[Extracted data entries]
* * *

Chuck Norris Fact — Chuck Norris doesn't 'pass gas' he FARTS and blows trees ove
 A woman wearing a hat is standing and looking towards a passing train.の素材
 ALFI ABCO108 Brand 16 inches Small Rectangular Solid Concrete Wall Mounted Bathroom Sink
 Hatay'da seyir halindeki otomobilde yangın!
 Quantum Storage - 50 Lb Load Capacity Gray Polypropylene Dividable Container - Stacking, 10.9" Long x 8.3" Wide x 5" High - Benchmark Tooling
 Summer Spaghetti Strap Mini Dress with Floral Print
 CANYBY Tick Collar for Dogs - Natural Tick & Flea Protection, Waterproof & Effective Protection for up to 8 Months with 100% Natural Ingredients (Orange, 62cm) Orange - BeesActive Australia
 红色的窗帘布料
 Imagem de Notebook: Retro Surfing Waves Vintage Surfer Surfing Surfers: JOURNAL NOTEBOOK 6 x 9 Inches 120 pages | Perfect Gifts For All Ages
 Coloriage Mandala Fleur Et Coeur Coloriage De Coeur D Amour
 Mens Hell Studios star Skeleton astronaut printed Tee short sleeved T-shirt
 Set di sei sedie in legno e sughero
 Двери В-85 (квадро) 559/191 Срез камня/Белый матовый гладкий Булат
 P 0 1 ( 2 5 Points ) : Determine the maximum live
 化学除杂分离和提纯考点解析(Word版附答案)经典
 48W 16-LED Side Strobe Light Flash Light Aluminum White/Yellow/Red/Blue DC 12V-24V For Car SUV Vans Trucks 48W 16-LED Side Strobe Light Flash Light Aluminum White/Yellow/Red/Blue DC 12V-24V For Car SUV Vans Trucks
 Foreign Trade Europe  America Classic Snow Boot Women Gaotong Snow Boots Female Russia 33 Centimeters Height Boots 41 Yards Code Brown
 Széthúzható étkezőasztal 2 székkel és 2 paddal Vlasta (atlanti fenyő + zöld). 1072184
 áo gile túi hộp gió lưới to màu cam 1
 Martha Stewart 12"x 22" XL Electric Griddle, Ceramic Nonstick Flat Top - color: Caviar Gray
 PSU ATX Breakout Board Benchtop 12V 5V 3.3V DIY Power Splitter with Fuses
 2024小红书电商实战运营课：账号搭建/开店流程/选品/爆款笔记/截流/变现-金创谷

* * *

ACTIVITY
In full and word for word, output the entries.

EXERCISE RESULT
Chuck Norris Fact — Chuck Norris doesn't 'pass gas' he FARTS and blows trees ove
 A woman wearing a hat is standing and looking towards a passing train.の素材
 ALFI ABCO108 Brand 16 inches Small Rectangular Solid Concrete Wall Mounted Bathroom Sink
 Hatay'da seyir halindeki otomobilde yangın!
 Quantum Storage - 50 Lb Load Capacity Gray Polypropylene Dividable Container - Stacking, 10.9" Long x 8.3" Wide x 5" High - Benchmark Tooling
 Summer Spaghetti Strap Mini Dress with Floral Print
 CANYBY Tick Collar for Dogs - Natural Tick & Flea Protection, Waterproof & Effective Protection for up to 8 Months with 100% Natural Ingredients (Orange, 62cm) Orange - BeesActive Australia
 红色的窗帘布料
 Imagem de Notebook: Retro Surfing Waves Vintage Surfer Surfing Surfers: JOURNAL NOTEBOOK 6 x 9 Inches 120 pages | Perfect Gifts For All Ages
 Coloriage Mandala Fleur Et Coeur Coloriage De Coeur D Amour
 Mens Hell Studios star Skeleton astronaut printed Tee short sleeved T-shirt
 Set di sei sedie in legno e sughero
 Двери В-85 (квадро) 559/191 Срез камня/Белый матовый гладкий Булат
 P 0 1 ( 2 5 Points ) : Determine the maximum live
 化学除杂分离和提纯考点解析(Word版附答案)经典
 48W 16-LED Side Strobe Light Flash Light Aluminum White/Yellow/Red/Blue DC 12V-24V For Car SUV Vans Trucks 48W 16-LED Side Strobe Light Flash Light Aluminum White/Yellow/Red/Blue DC 12V-24V For Car SUV Vans Trucks
 Foreign Trade Europe  America Classic Snow Boot Women Gaotong Snow Boots Female Russia 33 Centimeters Height Boots 41 Yards Code Brown
 Széthúzható étkezőasztal 2 székkel és 2 paddal Vlasta (atlanti fenyő + zöld). 1072184
 áo gile túi hộp gió lưới to màu cam 1
 Martha Stewart 12"x 22" XL Electric Griddle, Ceramic Nonstick Flat Top - color: Caviar Gray
 PSU ATX Breakout Board Benchtop 12V 5V 3.3V DIY Power Splitter with Fuses
 2024小红书电商实战运营课：账号搭建/开店流程/选品/爆款笔记/截流/变现-金创谷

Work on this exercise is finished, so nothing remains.